In the contrary if they copied entire functional blocks, i.e. files, classes, modules, that is clear copyright violation, it is part of the design, and you are reselling the same product or effort to implement. But then I guess it can get all hazy and tends to end with whoever has the largest legal budget.
So if you are going to leak a document.. and need it in a searchable digital format… print to pdf and then OCR it?
nah… cause the printer prints the hidden characters in invisible ink. ;)
it doesn’t work with textedit on mac they show up as question mark boxes.
I white-space character encoded my commercial software downloads with PayPal receipt details, to find out which miserable sod had been uploading source to Chinese ‘sharing’ sites, and putting me out of business.
I suspect those DVD rental machines, the ones that burn disks to order, don’t take cash and require a credit card, employ a similar ‘fingerprinting’ scheme?

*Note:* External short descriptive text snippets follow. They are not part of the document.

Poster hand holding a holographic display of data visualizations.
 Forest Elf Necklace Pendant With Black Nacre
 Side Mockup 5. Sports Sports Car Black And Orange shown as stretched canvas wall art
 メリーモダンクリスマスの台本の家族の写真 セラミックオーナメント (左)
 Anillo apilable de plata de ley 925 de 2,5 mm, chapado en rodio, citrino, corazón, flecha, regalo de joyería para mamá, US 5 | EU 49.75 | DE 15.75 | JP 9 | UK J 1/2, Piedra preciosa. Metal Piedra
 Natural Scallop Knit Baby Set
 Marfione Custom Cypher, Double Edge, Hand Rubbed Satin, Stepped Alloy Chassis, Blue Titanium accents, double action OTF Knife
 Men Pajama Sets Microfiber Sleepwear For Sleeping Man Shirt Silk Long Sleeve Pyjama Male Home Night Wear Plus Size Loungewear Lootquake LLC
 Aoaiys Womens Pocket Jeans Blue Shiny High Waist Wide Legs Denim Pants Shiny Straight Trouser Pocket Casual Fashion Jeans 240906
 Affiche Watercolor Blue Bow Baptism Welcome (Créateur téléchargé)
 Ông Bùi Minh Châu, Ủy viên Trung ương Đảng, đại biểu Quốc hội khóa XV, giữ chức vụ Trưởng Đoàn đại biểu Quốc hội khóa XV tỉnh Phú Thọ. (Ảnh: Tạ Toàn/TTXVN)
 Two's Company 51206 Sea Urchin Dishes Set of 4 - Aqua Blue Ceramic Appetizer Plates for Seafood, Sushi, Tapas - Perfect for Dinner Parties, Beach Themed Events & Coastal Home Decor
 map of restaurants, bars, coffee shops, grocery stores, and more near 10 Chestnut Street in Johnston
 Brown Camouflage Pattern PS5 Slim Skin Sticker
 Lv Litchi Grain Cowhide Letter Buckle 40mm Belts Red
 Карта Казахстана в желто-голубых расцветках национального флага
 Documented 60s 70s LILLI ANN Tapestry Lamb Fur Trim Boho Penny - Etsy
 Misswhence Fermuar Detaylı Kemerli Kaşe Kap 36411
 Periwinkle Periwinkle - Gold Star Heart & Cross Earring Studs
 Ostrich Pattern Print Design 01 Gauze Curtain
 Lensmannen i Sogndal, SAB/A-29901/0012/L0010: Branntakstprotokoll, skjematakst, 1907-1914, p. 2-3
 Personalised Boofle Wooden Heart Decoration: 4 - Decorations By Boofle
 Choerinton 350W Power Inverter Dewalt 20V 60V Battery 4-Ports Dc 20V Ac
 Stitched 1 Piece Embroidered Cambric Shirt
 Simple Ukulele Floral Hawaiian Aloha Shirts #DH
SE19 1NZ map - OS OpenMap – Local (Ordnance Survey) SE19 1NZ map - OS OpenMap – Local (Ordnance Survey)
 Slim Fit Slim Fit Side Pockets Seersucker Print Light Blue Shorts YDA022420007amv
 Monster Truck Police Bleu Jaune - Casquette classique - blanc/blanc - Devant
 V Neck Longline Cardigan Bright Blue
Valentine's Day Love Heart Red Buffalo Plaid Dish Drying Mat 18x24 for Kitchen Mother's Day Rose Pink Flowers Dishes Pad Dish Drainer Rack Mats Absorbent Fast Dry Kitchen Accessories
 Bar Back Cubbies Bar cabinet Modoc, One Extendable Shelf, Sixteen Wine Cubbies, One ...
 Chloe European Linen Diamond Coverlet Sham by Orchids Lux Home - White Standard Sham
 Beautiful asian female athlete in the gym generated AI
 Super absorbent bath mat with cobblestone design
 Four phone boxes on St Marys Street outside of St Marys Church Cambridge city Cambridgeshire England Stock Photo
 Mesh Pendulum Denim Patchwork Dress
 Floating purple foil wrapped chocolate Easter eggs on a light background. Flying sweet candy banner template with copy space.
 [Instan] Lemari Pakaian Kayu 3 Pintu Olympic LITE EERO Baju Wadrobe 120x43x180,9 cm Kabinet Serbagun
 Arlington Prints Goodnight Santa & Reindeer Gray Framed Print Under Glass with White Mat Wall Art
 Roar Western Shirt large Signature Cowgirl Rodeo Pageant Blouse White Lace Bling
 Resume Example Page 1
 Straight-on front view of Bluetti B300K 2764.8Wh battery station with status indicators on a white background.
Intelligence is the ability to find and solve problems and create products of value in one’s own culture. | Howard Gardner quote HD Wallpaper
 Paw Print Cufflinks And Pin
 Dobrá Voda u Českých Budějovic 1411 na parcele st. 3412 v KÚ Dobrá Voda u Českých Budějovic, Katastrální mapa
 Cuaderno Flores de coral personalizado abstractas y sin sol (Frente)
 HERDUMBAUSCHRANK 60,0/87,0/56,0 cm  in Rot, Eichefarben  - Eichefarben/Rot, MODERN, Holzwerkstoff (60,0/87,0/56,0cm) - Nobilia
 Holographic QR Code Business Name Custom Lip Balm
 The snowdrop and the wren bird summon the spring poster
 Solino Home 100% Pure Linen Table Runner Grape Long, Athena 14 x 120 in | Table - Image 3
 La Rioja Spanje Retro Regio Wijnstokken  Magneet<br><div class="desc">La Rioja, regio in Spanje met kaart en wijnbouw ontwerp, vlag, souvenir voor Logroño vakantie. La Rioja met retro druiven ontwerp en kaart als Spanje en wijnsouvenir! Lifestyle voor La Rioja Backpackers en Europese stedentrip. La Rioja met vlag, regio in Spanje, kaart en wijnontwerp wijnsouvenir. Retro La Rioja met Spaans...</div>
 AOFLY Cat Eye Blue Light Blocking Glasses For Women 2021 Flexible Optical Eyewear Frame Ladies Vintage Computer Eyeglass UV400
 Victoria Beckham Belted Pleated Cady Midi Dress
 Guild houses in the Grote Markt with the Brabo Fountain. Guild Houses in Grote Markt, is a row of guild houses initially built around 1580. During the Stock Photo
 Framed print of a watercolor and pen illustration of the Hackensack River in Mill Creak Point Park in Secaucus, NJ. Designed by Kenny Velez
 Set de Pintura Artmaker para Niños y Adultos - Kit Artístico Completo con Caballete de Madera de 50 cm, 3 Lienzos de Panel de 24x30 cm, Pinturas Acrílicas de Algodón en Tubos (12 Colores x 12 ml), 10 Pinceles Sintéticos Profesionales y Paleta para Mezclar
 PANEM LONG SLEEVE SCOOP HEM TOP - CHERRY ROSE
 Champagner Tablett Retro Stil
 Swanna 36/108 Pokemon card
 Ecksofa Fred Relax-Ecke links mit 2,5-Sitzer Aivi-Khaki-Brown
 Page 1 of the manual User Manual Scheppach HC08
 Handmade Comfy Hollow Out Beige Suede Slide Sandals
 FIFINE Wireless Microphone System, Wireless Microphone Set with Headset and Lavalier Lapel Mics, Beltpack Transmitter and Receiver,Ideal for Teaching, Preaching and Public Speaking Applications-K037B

reminds me of how you can hide whole novels inside images
post it online, then a person saves the image and then renames it as a rar
unzips it and the novel is inside
illegal obviously but is a unique subversive way of file sharing
You could interleave a signed checksum into it too. This would let you prove that it was your text and that it was a full and accurate copy.
Not at all difficult to detect. OCR text, count characters, count bytes, compare.
Yes and you can firewall it completely by streaming all of your text through a tiny sed script in a pipeline, or just view it in a hex editor, but that is not the point of the exercise and there are multiple valid use cases that do not rely on it being undetectable.
Current version of MS Word seems to eat the special characters even if pasted with formatting.
Regular Notepad is fooled unless you select “Show Unicode Control Characters” – at which point the zero width characters appear.